╭──
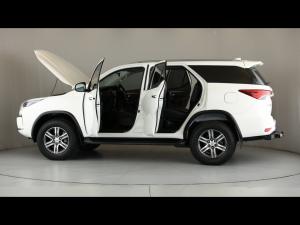 Toyota Fortuner 2.4GD-6 4x4 - Image 11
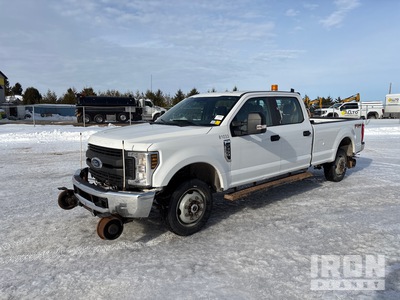 2018 Ford F-350 XL 4x4 Crew Cab H-Rail Pickup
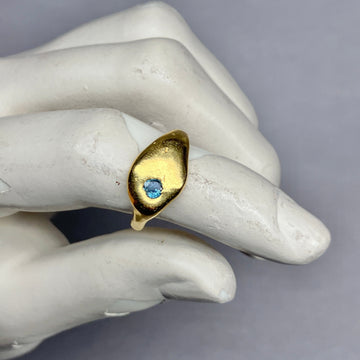 Aqua blue sapphire Luxe signet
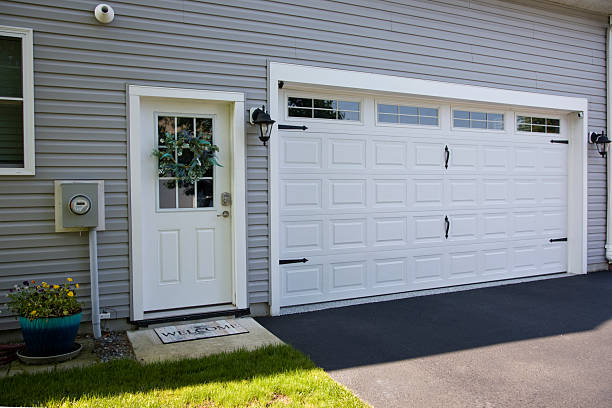 24/7 Emergency Garage Door Panel Replacement experts in Nashua, IA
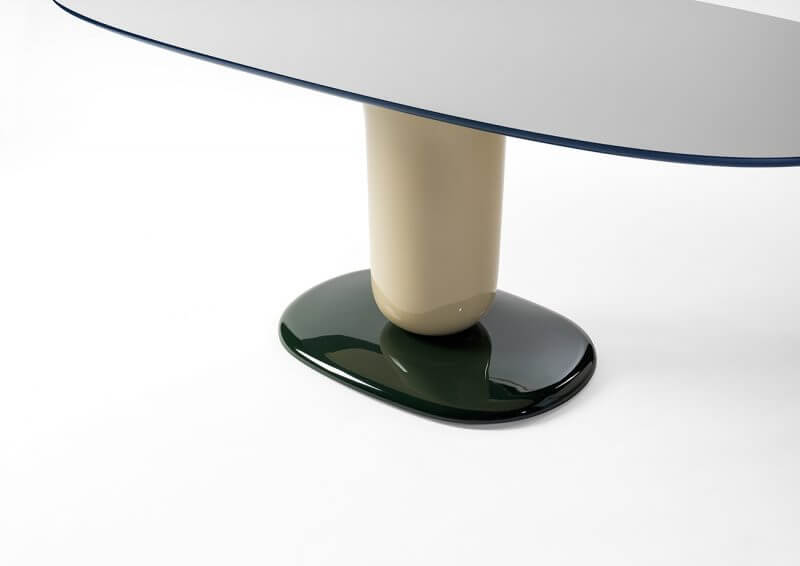 EXPLORER DINING TABLE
╰──
### Directions for this task
Starting at the line with "Aqua blue sapphire Luxe signet" and stopping at the final line of the material, reproduce each line exactly, both ends included. Leave the pictures out.

### Expected output
 Aqua blue sapphire Luxe signet
 24/7 Emergency Garage Door Panel Replacement experts in Nashua, IA
 EXPLORER DINING TABLE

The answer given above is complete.